Active Roster - milwaukee.brewers.mlb.com/.../roster_active.jsp?c_id=mil
Ticket Center - milwaukee.brewers.mlb.com/.../ticketing/index.jsp?c_id=mil
Help : Job Opportunities - mlb.mlb.com/NASApp/mlb/mlb/help/jobs.jsp?c_id=mil
More results from brewers.mlb.com »

Yahoo offers the following top result:

Milwaukee Brewers
Official site of the Milwaukee Brewers. Features up-to-date stats and results, player bios, minor league information, ticket and merchandise ordering info, player ...
Category: Major League Baseball > Milwaukee Brewers
www. milwaukeebrewers.com - 79k - Cached - More from this site

And MSN Live Search offers the following top results:

Milwaukee Brewers : The Official Site
MLB Sites MLB.com Angels Astros Athletics Blue Jays Braves Brewers Cardinals Cubs Devil Rays Diamondbacks Dodgers Giants Indians Mariners Marlins Mets Nationals Orioles Padres Phillies Pirates Rangers ...
www. brewers.mlb.com

Note that no one top result is more relevant than the other. All indexed listings resolve to http://milwaukee.brewers.mlb.com/index.jsp?c_id=mil by way of a temporary redirect (302).
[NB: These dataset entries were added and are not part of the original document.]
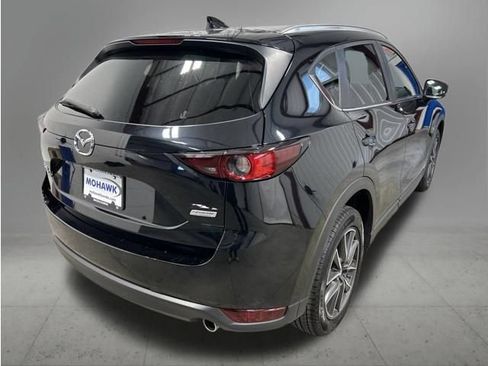 Used 2018 MAZDA CX-5 Touring w/ Preferred Equipment Package AWD/4WD image 5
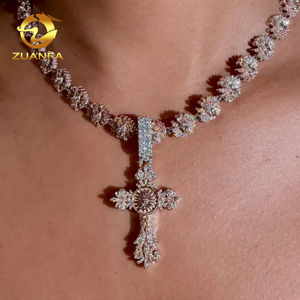 Squisita Collana Daisy con Ciondoli a Croce Personalizzati, Gioielli con Iniziali Iced Out in Moissanite, <span class=keywords><strong>Ciondolo</strong></span> a Catena in Moissanite - Product Image 2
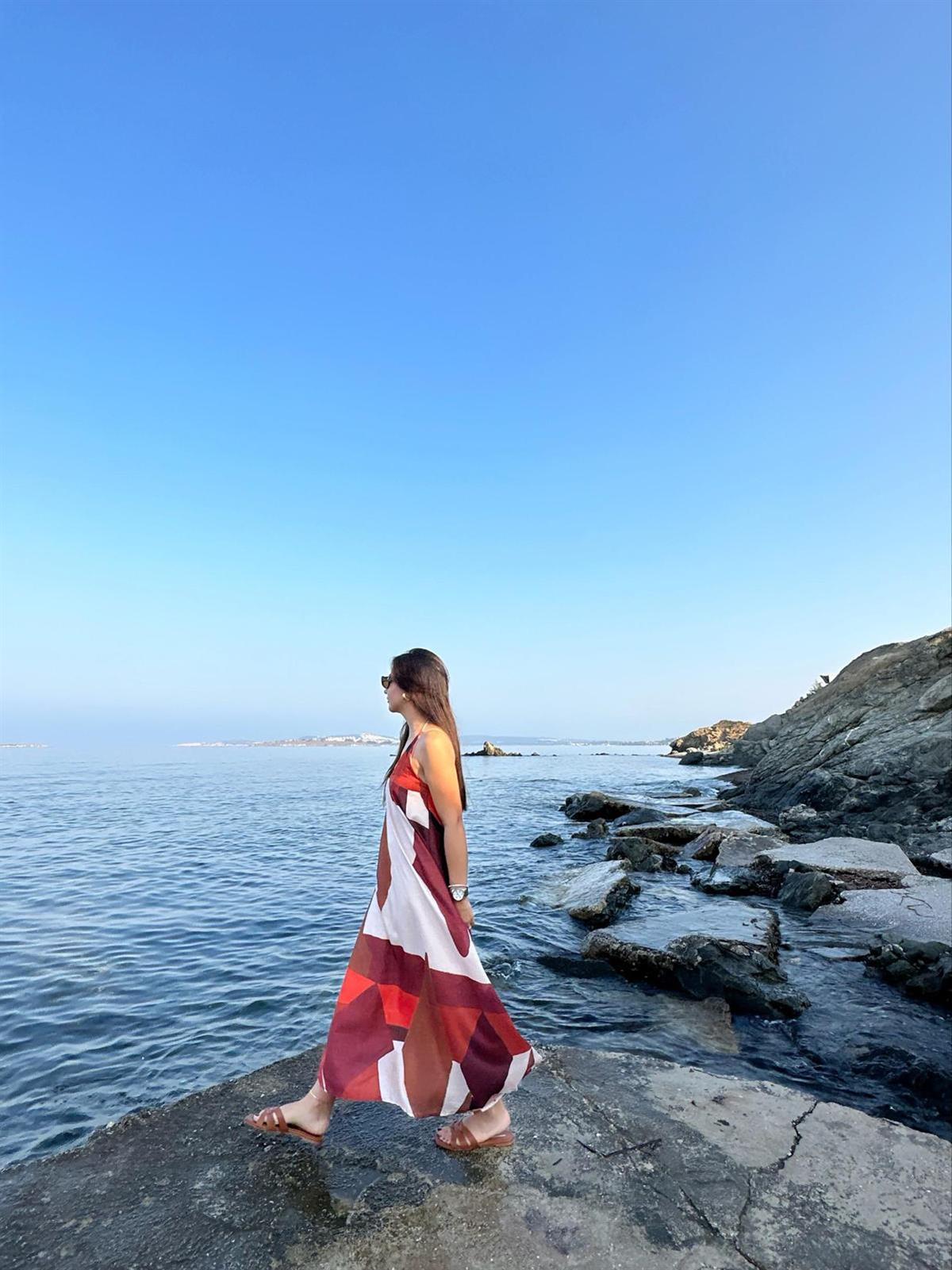 DESENLİ SIRT DEKOLTELİ ELBİSE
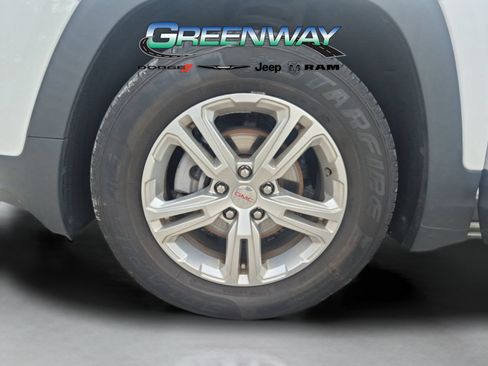 Used 2024 GMC Terrain SLE FWD image 31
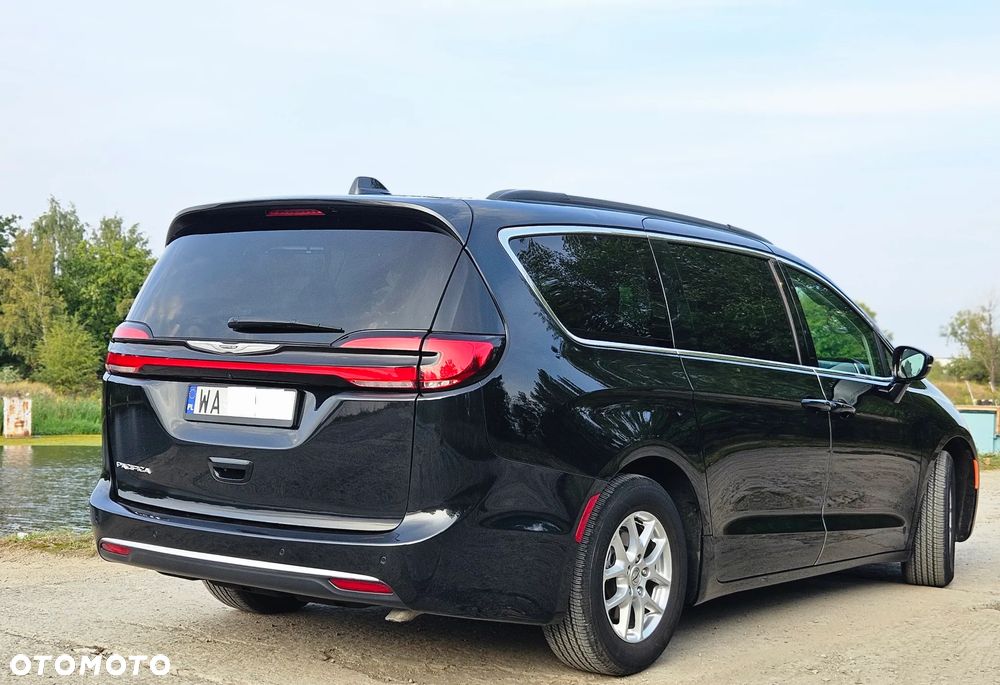Chrysler Pacifica - 3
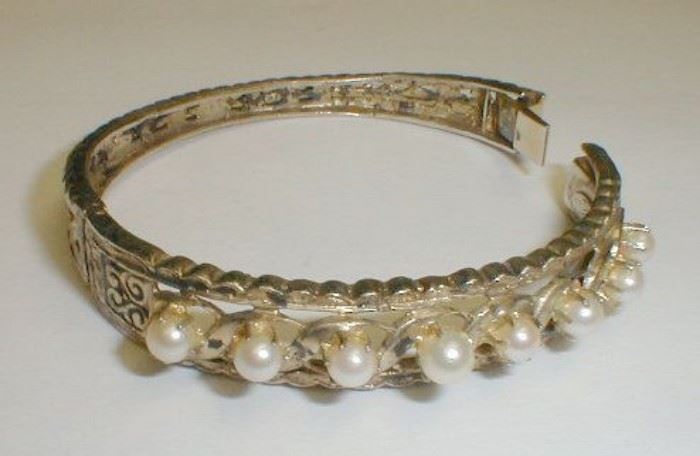 Sterling hinged bangle with eight perls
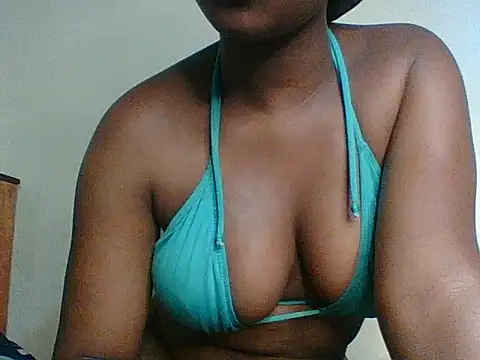 Snapshot of Bad_ass_girl chatting on 06/27/26, 12:44 Bad ass girl online show from 06/27/26, 12:44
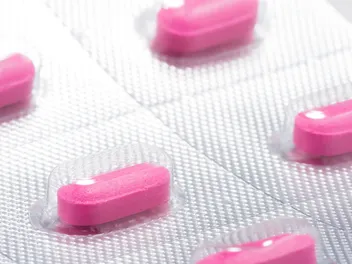 Benadryl Overdose In Dogs: Our Vet Discussed 5 Signs & What To Do Next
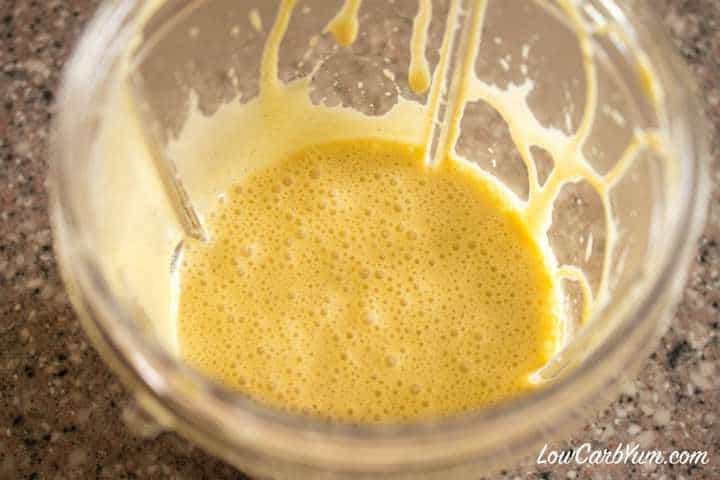 egg fast cinnamon pancake batter in blender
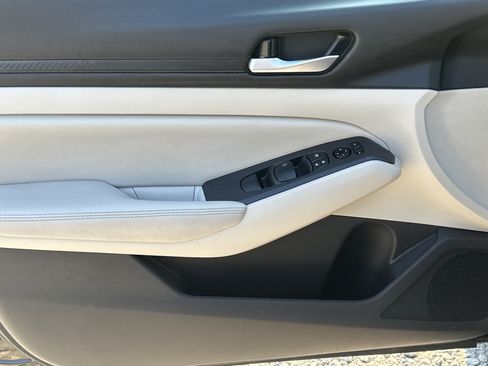 Used 2025 Nissan Altima 2.5 SV FWD image 10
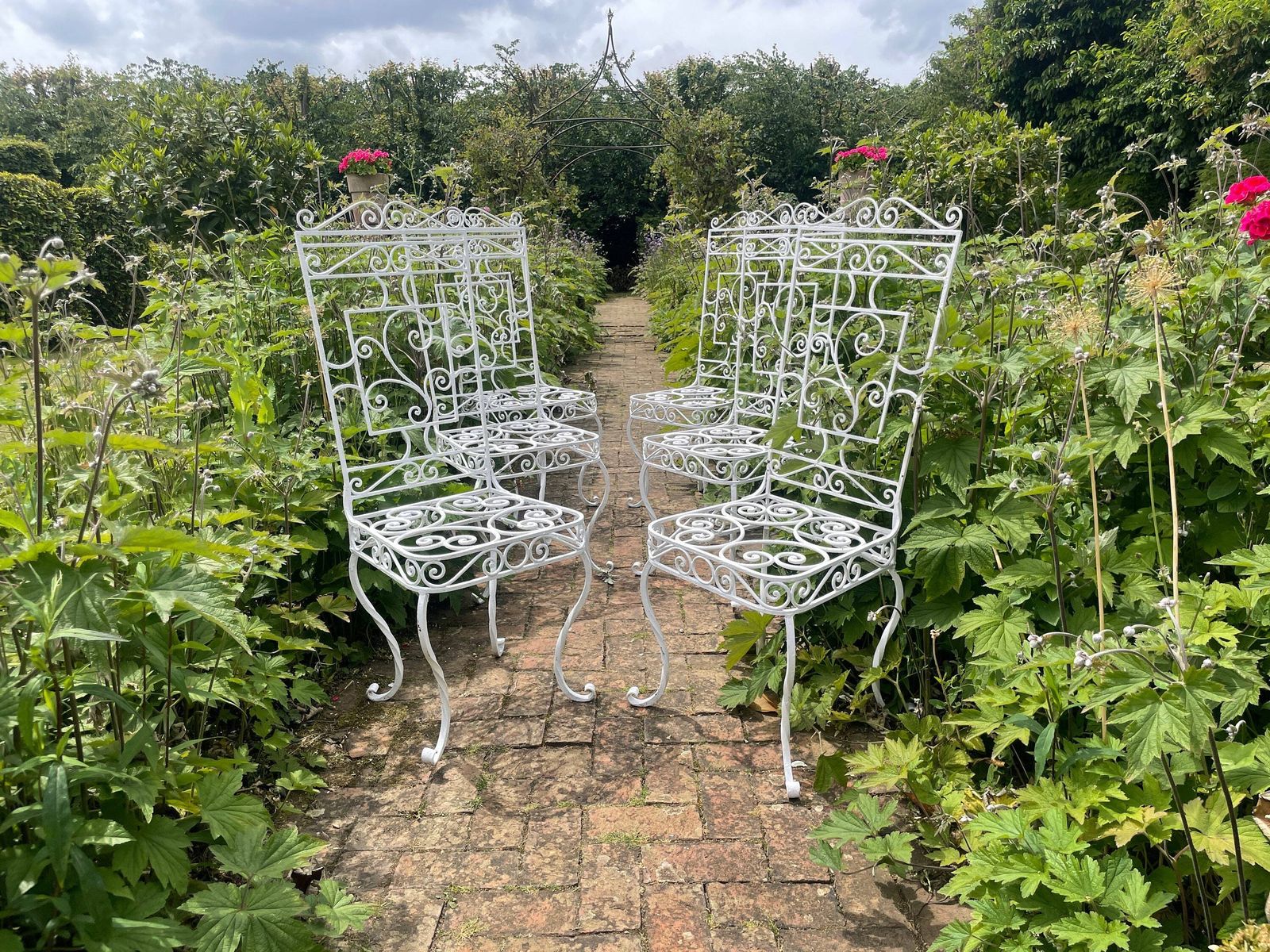 Six Vintage Hollywood Regency Wrought Iron Garden/Patio/Conservatory Chairs photo furniture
Why, then, is one domain displayed in Google and MSN and another in Yahoo for the same result? Are the Milwaukee Brewers spoofing the search engines using temporary redirects and multiple domains?

Not exactly. Canonicalization processes simply level the playing field. These algorithmic elements vary from search engine to search engine.

Google knows the two domains are exactly the same and treats them as such when it comes to inbound links. Using query string commands, Google reveals it acknowledges 2,200 links to both link:brewers.mlb.com and link:www.milwaukeebrewers.com.

A lot of SEO (define) folks have talked about Google's preference for subdomains. This is proof of that preference because that's how the site's actually crawled and indexed. Do a query for "site:brewers.mlb.com" and you'll get some 7,880 pages. Do the same for "site:www.milwaukeebrewers.com," and you'll get "did not match any documents."

To provide users with its preferred results, Google relegates www.milwaukeebrewers.com to its no man's land of non-indexation. Google canonically prefers to display the pretty little subdomain, brewers.mlb.com, as its most relevant result for a "milwaukee brewers" search query.

MSN Live Search just isn't as bright when it comes to algorithmic adjustments. It indexes nearly 1,300 pages of "site:brewers.mlb.com" and six pages of "site:www.milwaukeebrewers.com". Its algorithms credit "link:www.milwaukeebrewers.com" with nearly 14,000 inbound links and "link:brewers.mlb.com" with over 14,000. MSN Live Search duplicates its own results by including the non-canonical URL in the results.

Getting any bright ideas about MSN Live Search, subdomains, and temporary redirects? Small wonder MSN Live Search has its filters set to "high" to stop spamming itself and present any semblance of canonicalization.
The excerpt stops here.